These past months we have been hearing about ‘replacement theory’ in our newspapers, although probably even more frequently online in social media.
Lynn Greenhough 2

These past months we have been hearing about ‘replacement theory’ in our newspapers, although probably even more frequently online in social media. Replacement theory has an eerie alliterative ring to it – that of replacement theology.

Replacement theology is a theology grounded in what has also been called supersessionism: the belief that New Testament supersedes and replaces the Old with the New. Many Christian theologians have claimed – and some continue to claim – that faith in Jesus effectively fulfills and thus replaces Judaism. However other Christians have written with clarity about how, particularly after the Shoah, such a theology is gravely dangerous. But how did such a theological position come about?

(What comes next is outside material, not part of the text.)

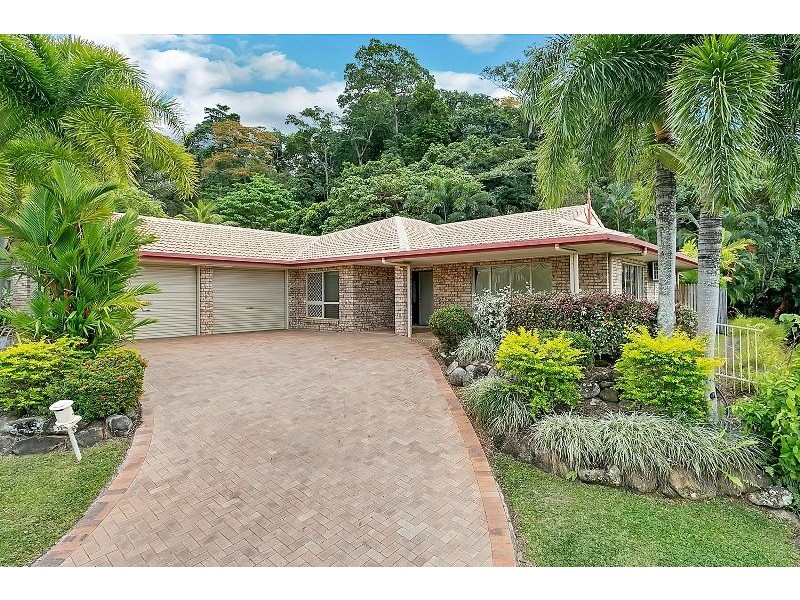 11 Olfersia Court, Mooroobool QLD 4870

The authors creating the Gospels diminished Roman responsibility for the death of Jesus, probably, if not necessarily, out of political expediency. Instead they found Jewish culpability in this death. Jews were declared guilty of deicide. This accusation continues: one of my students was asked in Grade One why she killed Jesus.

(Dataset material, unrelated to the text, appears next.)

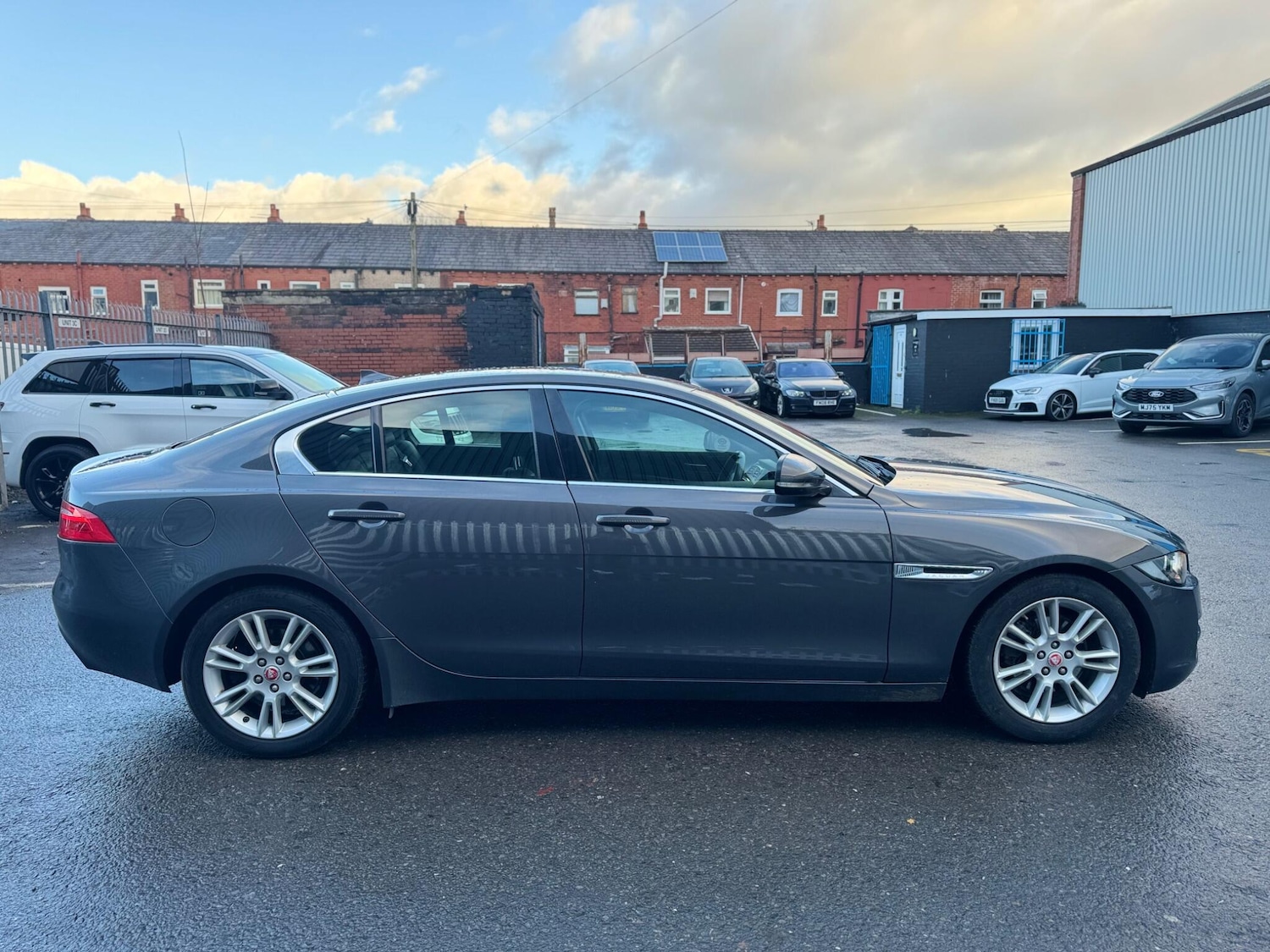 Used Jaguar XE 2016 for sale - 77190553: Photo 14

As Christianity evolved, there was a declaration of its own message as universal –and one that should replace Judaism. It was claimed that the Jewish God of justice had been replaced by the Christian God of love. The continued survival of Jews, even in extended exile from our Land, was taken as a sign of divine rejection, incurred by continued denial that Jesus was the Messiah. Replacement theology stands on this ground of assumed rejection of God’s covenant with Jews.

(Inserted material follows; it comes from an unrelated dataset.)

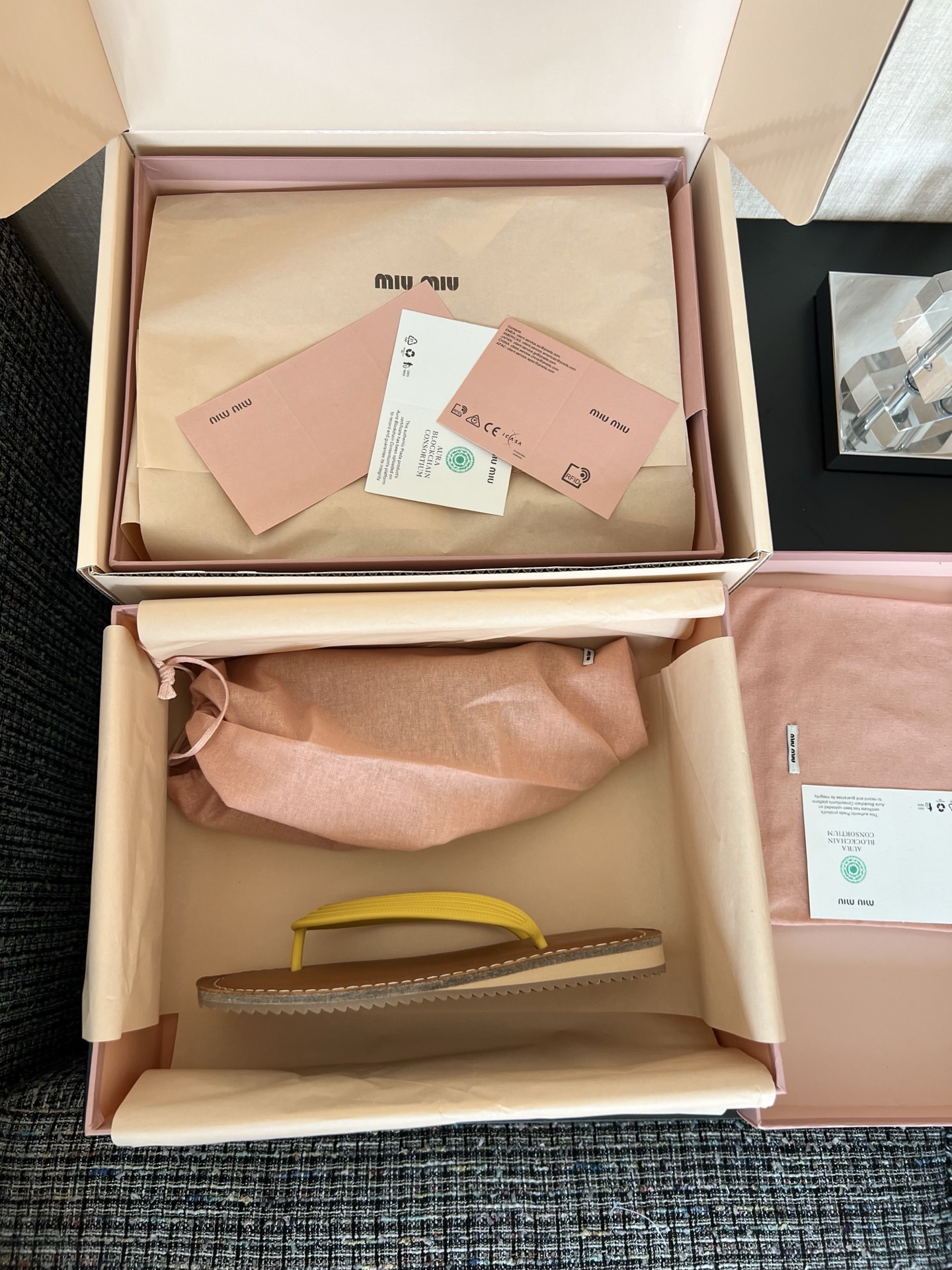 MIU MIU 로고 장식 여성 로퍼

This theology is known as Supersessionism or Replacement Theology or a theology of contempt. 

Rabbi Sacks, of blessed memory, teaches that the idea this Christian notion of God’s rejection of the Jewish people, that “old Israel” must be rejected – that rejection must be what is rejected. This idea of a superseded Judaism, which led to far too many centuries of horrific persecutions and exiles, must be rejected, not Judaism.

But how has replacement theology fed into modern day replacement theory – or is it just a convenient turn of phrase?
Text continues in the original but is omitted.